Edit: Below is the suggested strategy of removing theta by differentiating, then taking the inverse of both sides. So looking at one term at a time, we have
$ \nabla_{\theta} \theta^{T} X^{T}X\theta = ? $ How do I differntiate this? This is like differntiating $x\alpha_{1} \alpha_{2} x$ w.r.t. x in the scalar case. I need to combine those $\theta$ terms to hit them with the derivative. Transposing seems to result in the same expression: $$ (\nabla_{\theta} \theta^{T} X^{T}X\theta)^{T} = \nabla_{\theta} \theta^{T} X^{T}X\theta$$
Looking at the second term, we have
$ \nabla_{\theta} 2 Y^{T} X \theta = 2 X^{T} Y$.
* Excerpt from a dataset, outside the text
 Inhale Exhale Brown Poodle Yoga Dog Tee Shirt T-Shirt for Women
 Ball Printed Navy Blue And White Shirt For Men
Putting together this, we have: $$\nabla_{\theta} \theta^{T} X^{T}X\theta = 2 X^{T} Y$$
Knowing the solution is $\theta = (X^{T}X)^{-1}X^{T}Y$ we can reverse engineer the problem, but I am just not seeing it. And how do we get rid of that 2 factor?